The band takes a break and they put on a disco CD. No sooner do the triumphant opening chords of “I will survive!” sound from the stereo and the gringos are back in their element. They thrust their beer bottles high and pantomime the lyrics, while the Mexicans look on amused. When they play the Village People I actually have to coach Lalo on the moves for “YMC.” Then “Billie Jean” comes on and my countrywomen, (who have imbibed far more alcohol than my writer-English teacher income permits) gyrate rhythmically, wriggling their booties almost to the floor. Lalo’s eyes bulge. This unbridled sexuality is not like the combative courtship of Mexican salsa, where the seduction lies in its suggestiveness. No one can say these gringas are not feeling the music. It’s just different music.

Some things I never had to work at: writing, drawing, and most any academic subject not requiring mathamatics. But my learning my second language was a process, is a process, by turns torturous and exhilarating. It required me to step out my shyness, talk to new people, confront new cultural norms, stop being a perfectionist, humiliate myself publicly, make lots and lots of mistakes. Now that I’m fairly fluent in Spanish I look back and feel a greater sense of accomplishment than I have about anything else, even writing and other talents that came to me naturally.

I tell my students that if I could learn Spanish (and I pass around some of my early Spanish assignments for them to laugh at) they can learn English. I mean it, but mostly they look at me like I’m reciting another Academic platitude like “relax, live the language, feel the music…”

If I could only find the right music.

May 15, 2006

In the Kitchen with Diego Luna

Today I’m lucky enough to witness the rare phenomenon of a Mexican man cooking. My friend Diego Luna has offered to make a meal for me, in my own kitchen at that, while I sit back and watch. Sorry to disappoint you, but this is not the same Diego Luna who starred in movies like Y Tu Mamá También, Dirty Dancing 2: Havana Nights and The Terminal. But I bet you Diego Luna the actor can’t make tacos like my Diego Luna, the chemist/taxi driver.

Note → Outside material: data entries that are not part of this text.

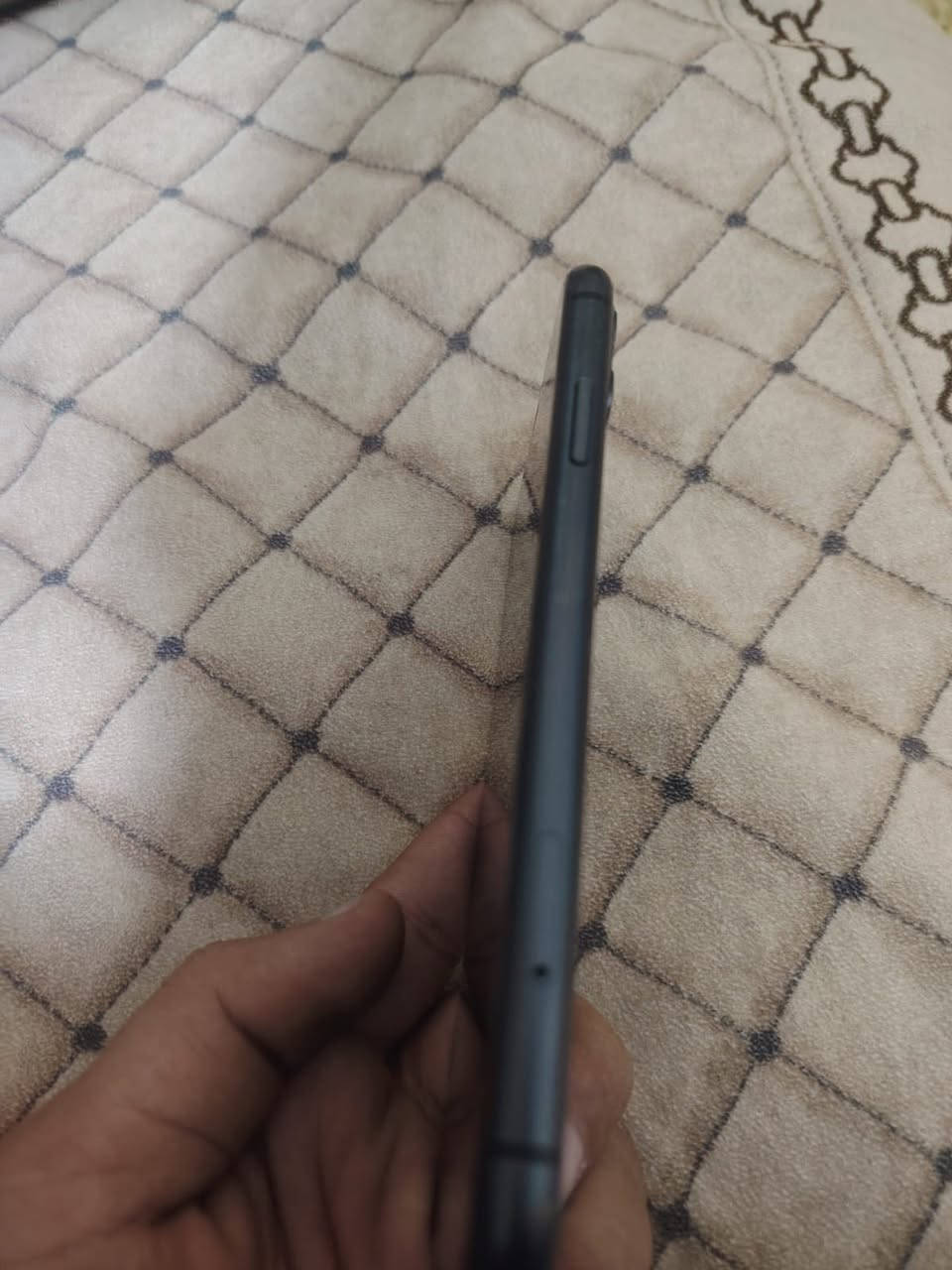 سلام عليكم
ايفون 11 عادي 
نضيف بطاريه ٩٢
السعر 300 او بي مجال حك الجيه 
مكاني شعله جكوك رقمي ***********
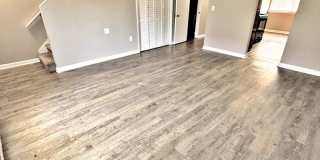 Avalon Cove Townhomes Gallery 18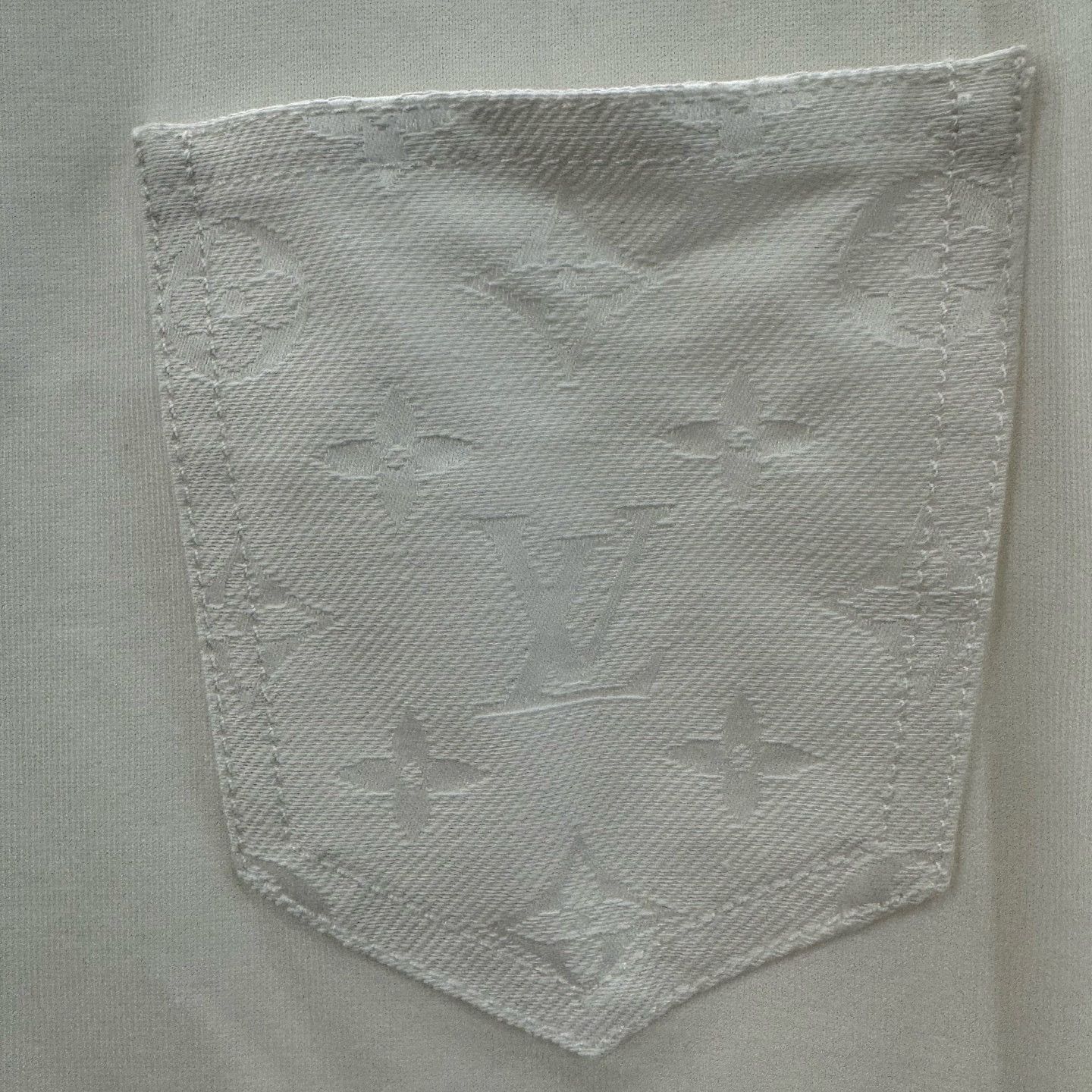 Louis Vuitton Louis Vuitton Chain Detail Pocket T-Shirt Size L Size US L / EU 52-54 / 3 - 6 Thumbnail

Diego Luna’s Home-style Oaxacan Tacos

Ingredients

1 green pepper, finely chopped
1 large white onion, diced
¼ pound lean steak
2 cups quesillo Oaxacan string cheese
1 heaping tablespoon finely chopped chile de agua (or Serrano pepper)
Juice of 2 limes
A dozen small corn tortillas
Salt to taste
Cooking oil

1. Shred the quesillo into fine strands with your fingers. Set aside.
2. Fry the steak in a frying pan with a little cooking oil, until brown on the outside.
3. Add onions and green peppers. Fry for 2-3 minutes.
4. Stir in the quesillo. Cook for another 2-3 minutes until cheese is melted and meat and vegetables are tender.
3. Heat tortillas on a comal, skillet or in the microwave.
4. Spoon the steak mixture onto tortillas, top with a squirt of limejuice and guacamole.

Guacamole

1 large ripe avocado
Juice of one lime
1 heaping tablespoons chopped chile de agua (or Serrano) or to taste
1 teaspoon salt or to taste
2 tablespoons chopped fresh cilantro
1/3 C water

Combine all ingredients in a blender or food processor.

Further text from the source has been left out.